How often have you received a bill in the mail and wondered who’s been leaving the lights on?
How Greater Trail customers use electricity may soon be more evident if FortisBC gets the go ahead for its $40 million advanced metering infrastructure project, which would abolish meter reader positions.
FortisBC will consult with its service communities this month prior to preparing an application to be filed with the British Columbia Utilities Commission later this year.
Should the application be approved, nearly all of the existing 112,000 meters in the Southern Interior will be replaced with the advanced units in the next couple years.

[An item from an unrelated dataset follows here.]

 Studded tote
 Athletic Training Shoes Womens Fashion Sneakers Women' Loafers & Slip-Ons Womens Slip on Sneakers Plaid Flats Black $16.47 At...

“They don’t look much different then any of the digital meters we’ve been putting out for the last few years but there are a couple of additional features,” said Mark Warren, director of customer service, when he stopped in the Times’ office Wednesday.
“The real key difference to this is it has two little radios in it, one of which can transmit to a collector and send meter readings back to the utility, and the other radio can communicate with devices inside peoples’ houses.”
The advanced meter has the ability to report a reading in near real-time, rather than showing up on a bill every two months.
“Advanced meters are a really good conservation tool – when you give people better information, they see how much they’re actually consuming and then they can make their choices based on that,” said Neal Pobran, corporate communications manager. “So maybe they don’t leave a light on longer than they need to, or maybe if they’re not watching TV, they’ll turn it off. When they see their dollar usage per hour, it becomes a big choice.”
The installation cost will not have a direct impact on a customer’s bill, as the project will pay for itself through savings by eliminating 19 meter reader positions and cracking down on energy theft in relation to marijuana grow operations.
To answer any questions Greater Trail residents may have, FortisBC will be holding an open house on June 24 from 6-8:30 p.m. at the Best Western Plus Columbia River Hotel.